I was very interested, looking at some of his children on other family trees on Ancestry to see that his son Henry Alsop, born in 1871 in Victoria, was married in Australia and subsequently settled in New Zealand. The reason for my interest? His bride was a Lily Dingley – born in Wolverhampton – another Alsop/Dingley connection and one that showed that the close connectionns between these families had crossed the world, not confined to the Rowley area. And Dennis and Lily were married in the Wesleyan church by a John Adams. And the witnesses at the marriage were Lily’s mother and Grace Rose Adams, presumably related to the Wesleyan Minister. Lily’s parents were Dennis Dingley (born in Titford, Oldbury) and – wait for it… Betsy Alsop (born in Rowley Regis, the daughter of Joseph Alsop and Sarah Eliza Dingley)… So Henry married his second cousin.

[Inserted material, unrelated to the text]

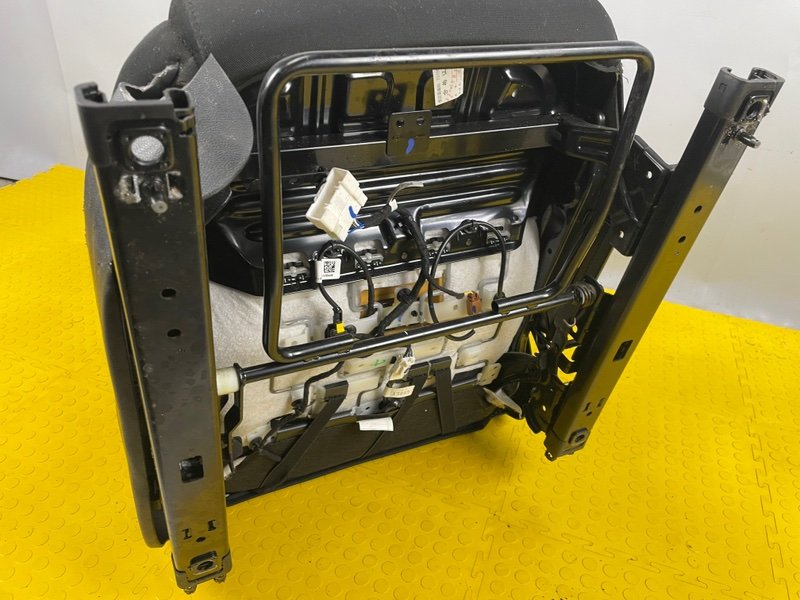 Сиденье переднее правое, 10000 рублей, Москва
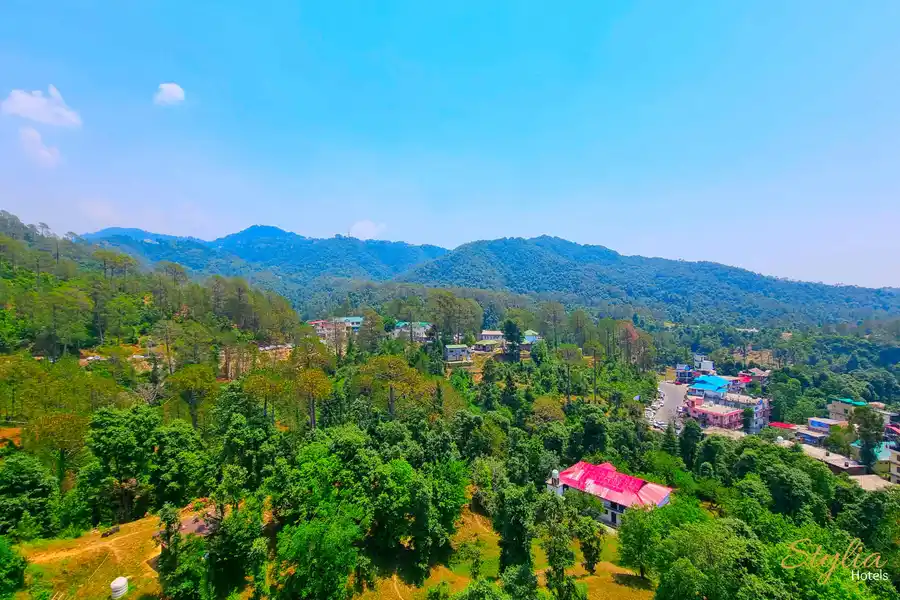 Hotel Moonglade Dalhousie Views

What a cluster of very familiar Rowley and Blackheath names – I wonder whether there was a mini-Rowley settlement there?! It must be challenging to move to the other side of the world, leaving all your loved ones behind – what could be more natural than for people to settle near to others from the same area and who had the same connections back at home?
Samuel Edward returned at least once to England, sailing back in April 1896, apparently, from passenger lists, alone and he returned to Adelaide arriving back in Albany in November of that year.
He died in July 1933 at Camperdown and is buried there.
Conclusion
So of Edward and Rebekah’s three children, the only definite issue was Samuel Edward’s children in Australia. After Edward’s death in 1901, an advertisement appeared in the Walsall Observer on 17 August, giving details of the auction of the contents of Edward’s house in Birmingham Road, at the behest of the executors of Edward’s Will so it seems likely that there were none of his children in England to take possession.

The Allsopp Genealogy website
In the course of my research on this twig of the Alsop family tree, I found the Allsopp Genealogy website (https://allsoppgenealogy.com/ ), run by Dennis Allsopp in Australia and he is also working on a One Name Study for the Allsopp family. It is an extensive and well documented website and if you have any Alsop connections, you will find it of interest. Dennis has kindly placed a link to this blog on the site as he thinks it may be of interest to some of his members, including this delightful illustration he has created about the Rowley Alsop family.

Whether Dennis has direct links to the Rowley Alsops I do not know but he has noted that Staffordshire was a ‘hotbed for the Allsop name’ and he is continuing to add names to his One Name Study.
I shall continue the story of the Rowley Regis Alsop family in my next piece, with Mary Ann and Rhoda’s stories still to come.